The next-closest assembly plant was General Motors' Oshawa No. 1 plant in Ontario, Canada. The plant used 15.18 labor hours per vehicle to build Chevrolet Impala sedans.
Chrysler showed the biggest improvement of all carmakers, cutting its total manufacturing labor hours per vehicle by 7.7% to 30.37 on average, the same number recorded by Toyota. However, Toyota's number did slip compared with last year’s result. It needed 2.5% more hours to produce a vehicle this year than it did last year.

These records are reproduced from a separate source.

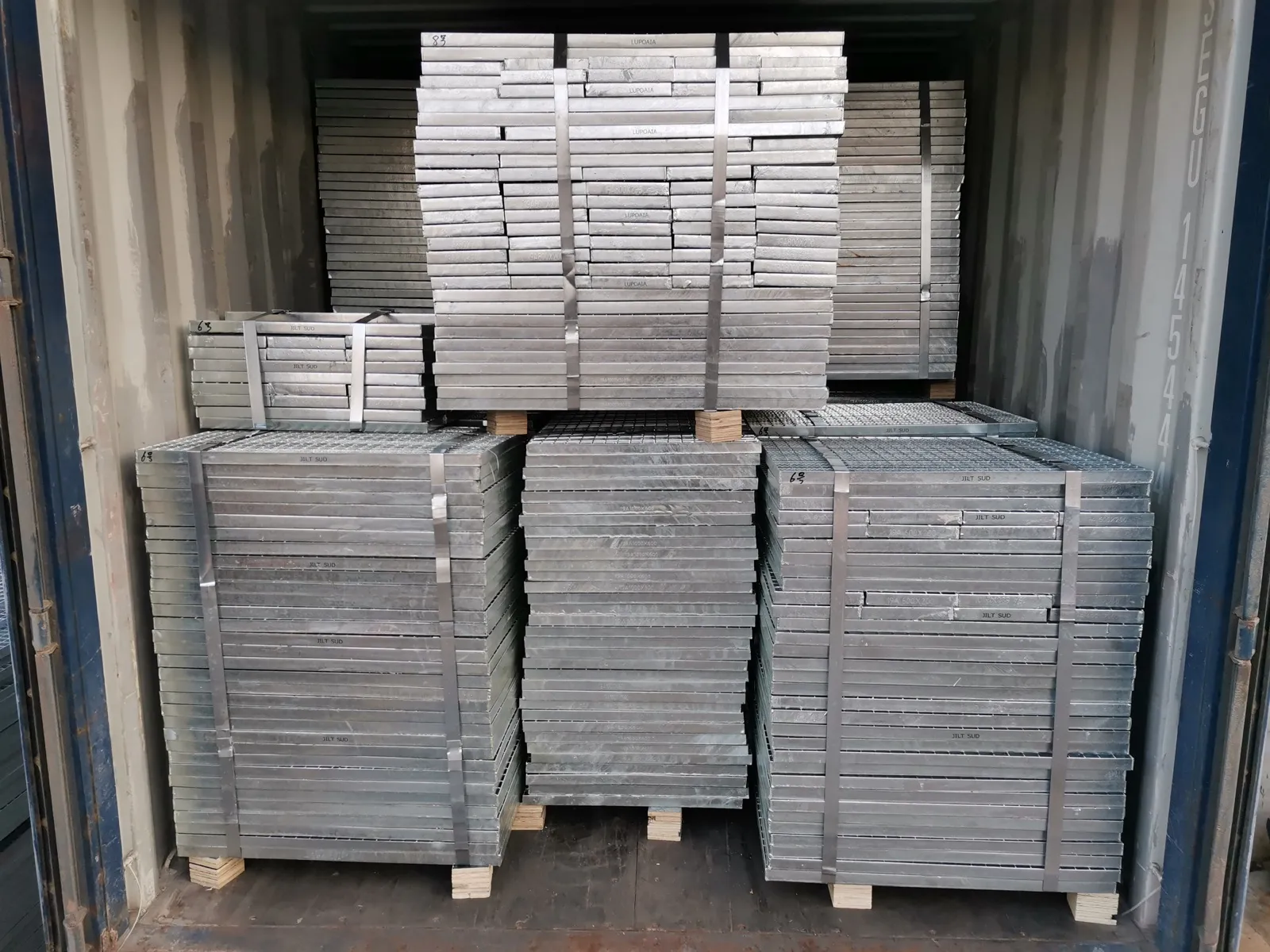 Strapped steel grating bundles loaded inside a 20 foot shipping container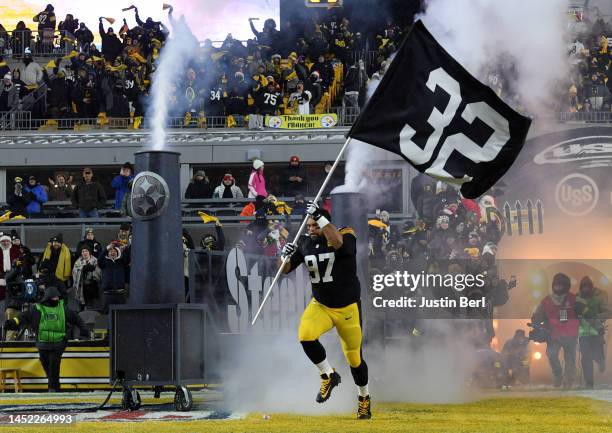 Cameron Heyward of the Pittsburgh Steelers runs on to the field holding a flag to honor Franco Harris during the game against the Las Vegas Raiders...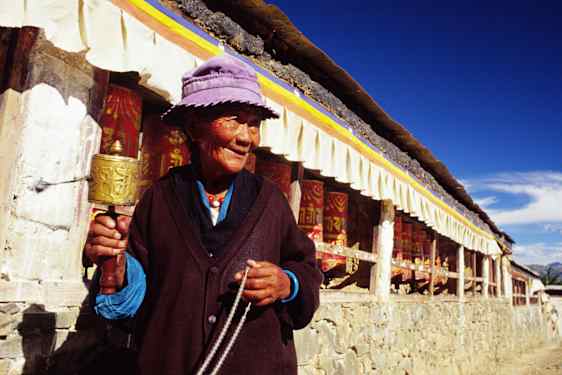 Tibetansk kvinna med bönesnurra i Tashilhunpo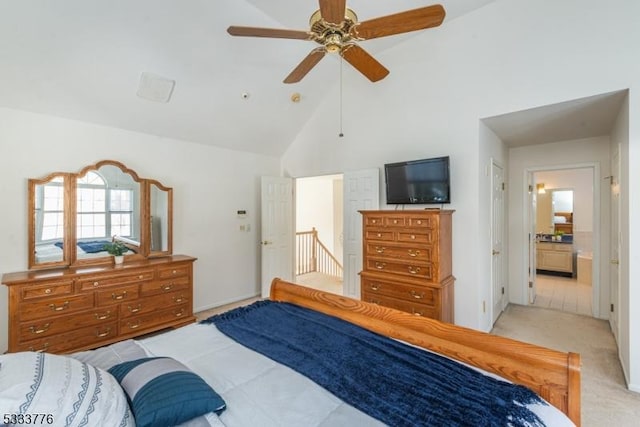 carpeted bedroom featuring high vaulted ceiling, ceiling fan, and ensuite bath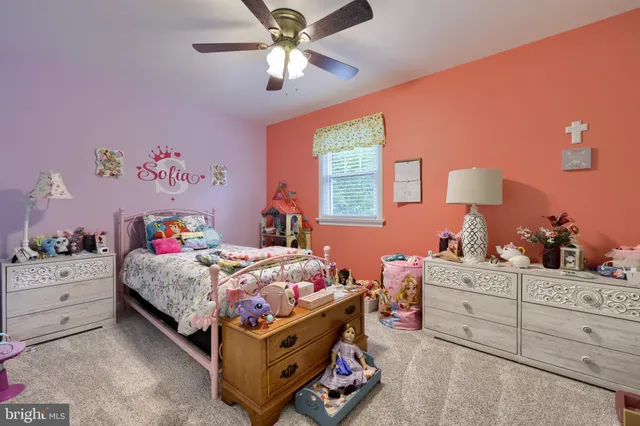 a bedroom with a bed and a dresser in it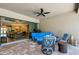 Covered patio with comfortable seating, perfect for enjoying outdoor living and access to the interior at 5329 Trails Bend Ct, Sarasota, FL 34238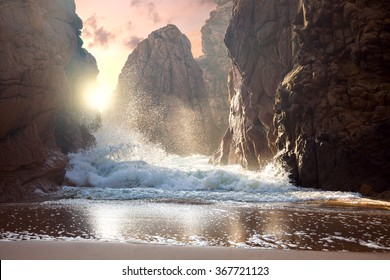Fantastic big rocks and ocean waves at sundown time. Dramatic scene. Beauty world landscape.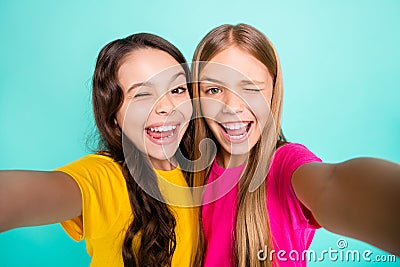 Photo of two casual nice cute excited funny people girls loving taking photos photographing themselves while isolated Stock Photo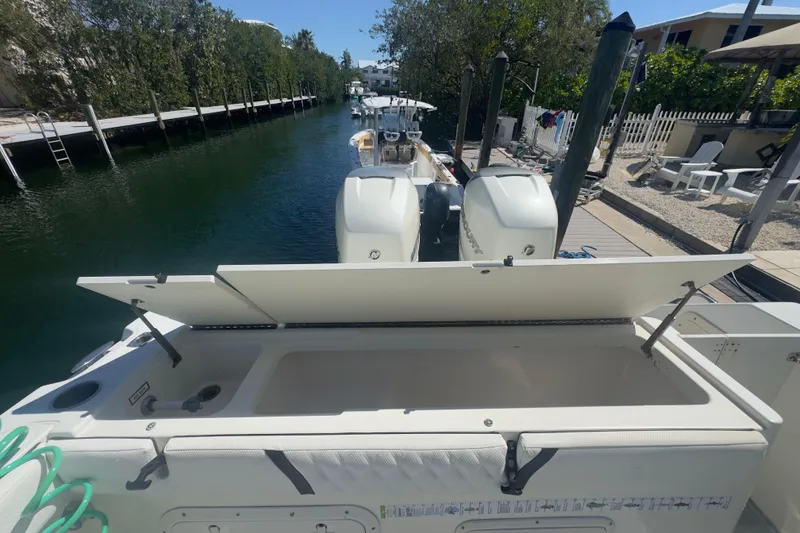 Slide: The Image of 2000 Pursuit 2870 Center Console boat with open storage compartment, docked by a canal. - 49
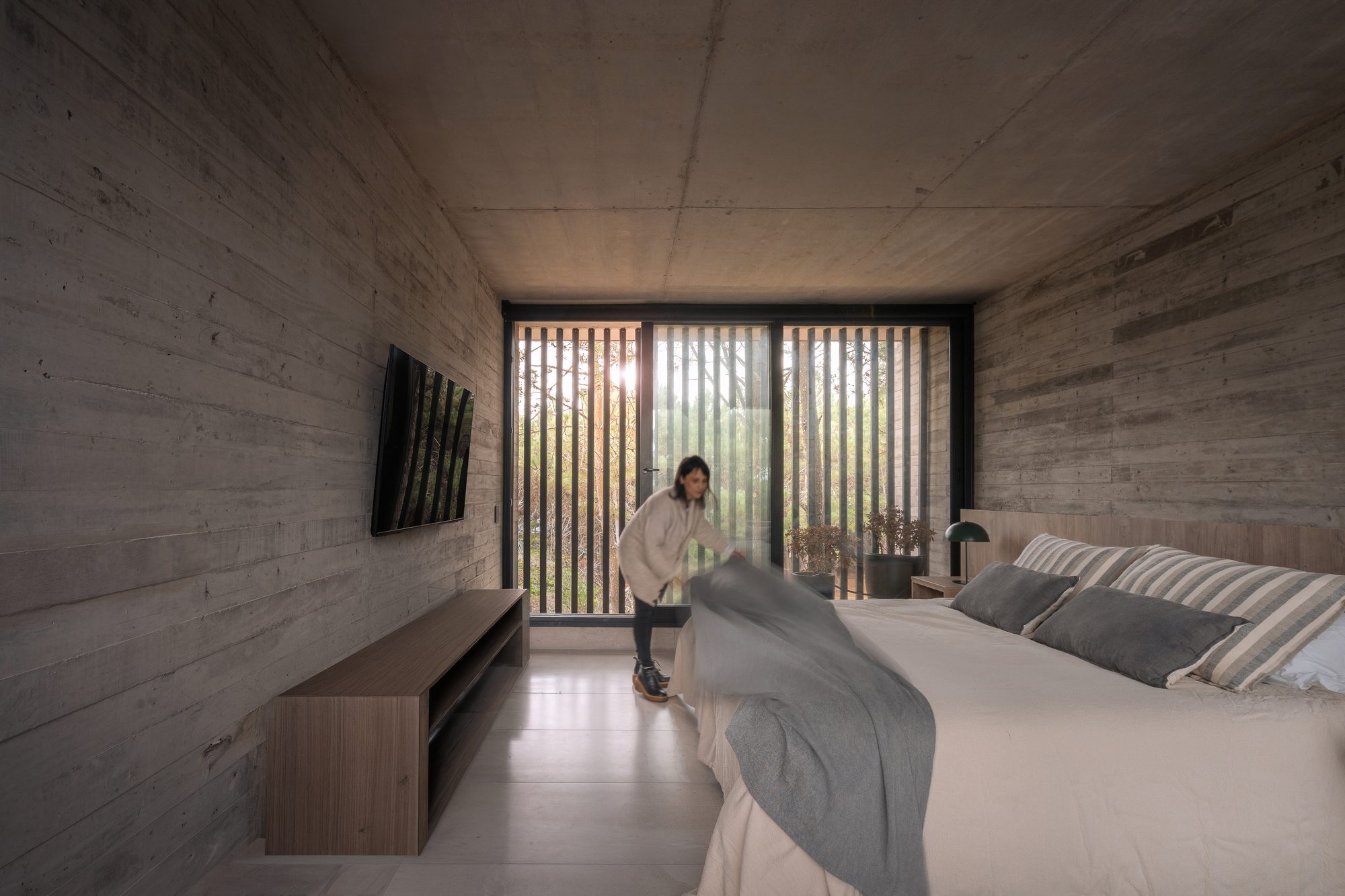 Dormitorio amplio de hormigón visto con mueble bajo y celosía al fondo — CORNER Arquitectura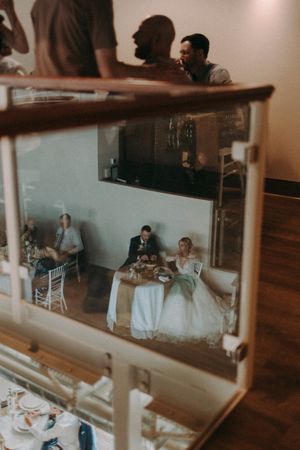 Wedding reception reflected in decorative mirror showing dining tables and guests.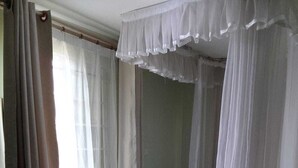 Un dormitorio con cama, cortinas blancas y alfombra negra.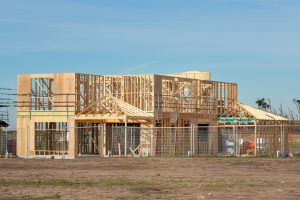 Stages of building a custom home showing a residential house under construction with wood framing.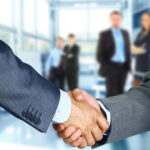 Website Design business associates shaking hands in office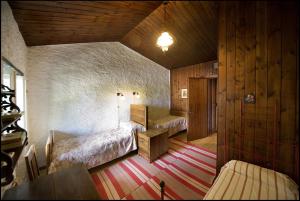 Postel nebo postele na pokoji v ubytování Agriturismo Famiglia al Castello Di Bagnolo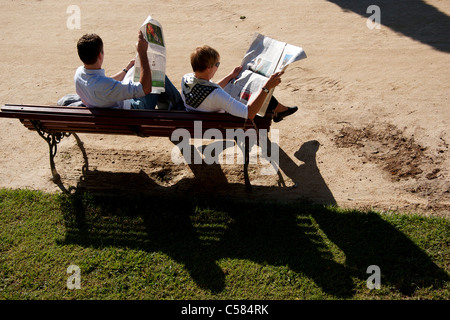 Paar sitzt auf einer Parkbank Zeitung lesen Stockfoto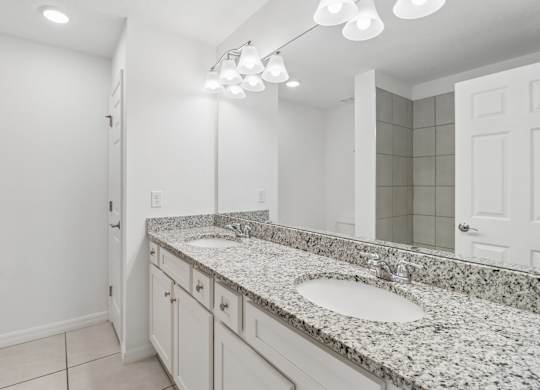 A bathroom with granite countertops and a large mirror.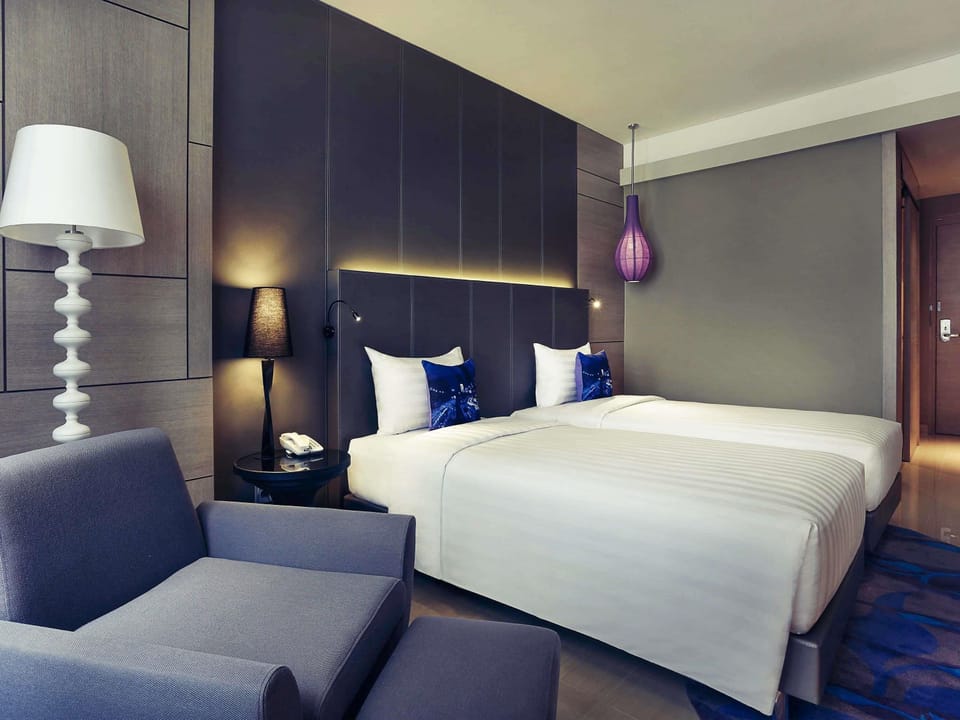 Deluxe Twin Room, 2 Twin Beds | In-room safe, desk, iron/ironing board, free cribs/infant beds
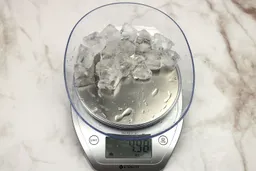 The amount of unblended ice cubes (4.98 oz) of the Magic Bullet single-serve blender displayed on a scale’s screen.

Ford improved its total manufacturing productivity by 3.7% to 33.88 labor hours per vehicle, while GM's total improved 0.2% to 32.29 hours.


Reader Comments
Thu Jun 5 2008 11:06 AM
Gus says
The big difference are the back end labor costs, since Toyota doesn't have the backlog of union worker benefits - yet...
Thu Jun 5 2008 11:12 AM
Jeff says
Thats not a good thing, as toyotas quality in the last 2 years hasnt been great, so chrysler just went from bad to just a little bid above that. good work
Thu Jun 5 2008 11:15 AM
Zarba says
Unfortuantely, efficiently building cars and trucks NO ONE WILL BUY just doesn't cut it.
Thu Jun 5 2008 11:39 AM
chris says
jeff, zorba nailed it... thats efficiency in building the product in terms of man hours. toyota cars could be much more complex, but this study doesnt account for that. it takes half a day to make a wrangler? no way. the simplest car on the market. amazing.
Thu Jun 5 2008 1:05 PM
NCyder says
Yeah, you have to somehow normalize the number to compare one company to another. The most telling number, though, is profit. Hard to argue that Toyota is inferior in that area.